Provided data:

####

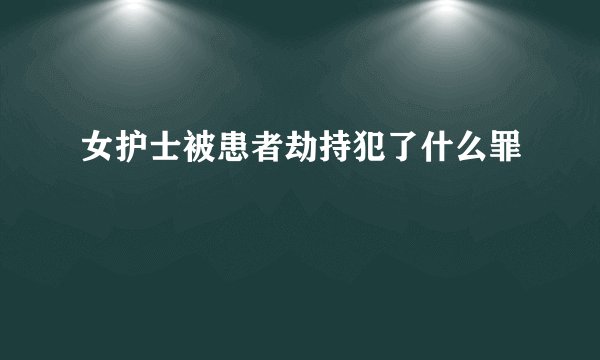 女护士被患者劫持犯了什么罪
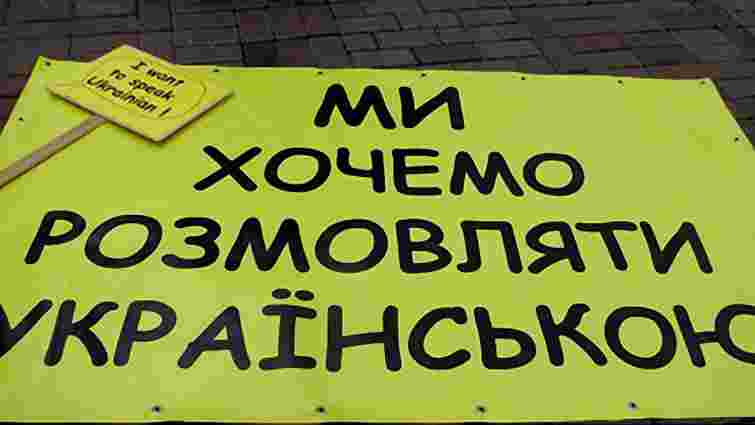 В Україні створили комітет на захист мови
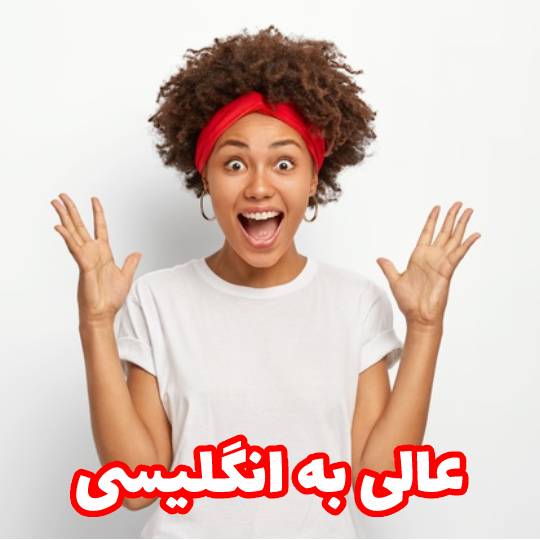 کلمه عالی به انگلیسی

####

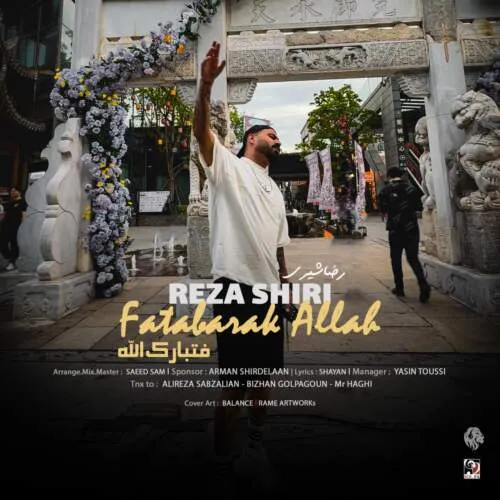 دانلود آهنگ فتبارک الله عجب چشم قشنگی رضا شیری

####

Exercise brief:
Leaving each picture behind, please give again exactly the lines above from the one with "女护士被患者劫持犯了什么罪" through the one with "کلمه عالی به انگلیسی", both included, and no others.

Output of the exercise:
 女护士被患者劫持犯了什么罪
 В Україні створили комітет на захист мови
 کلمه عالی به انگلیسی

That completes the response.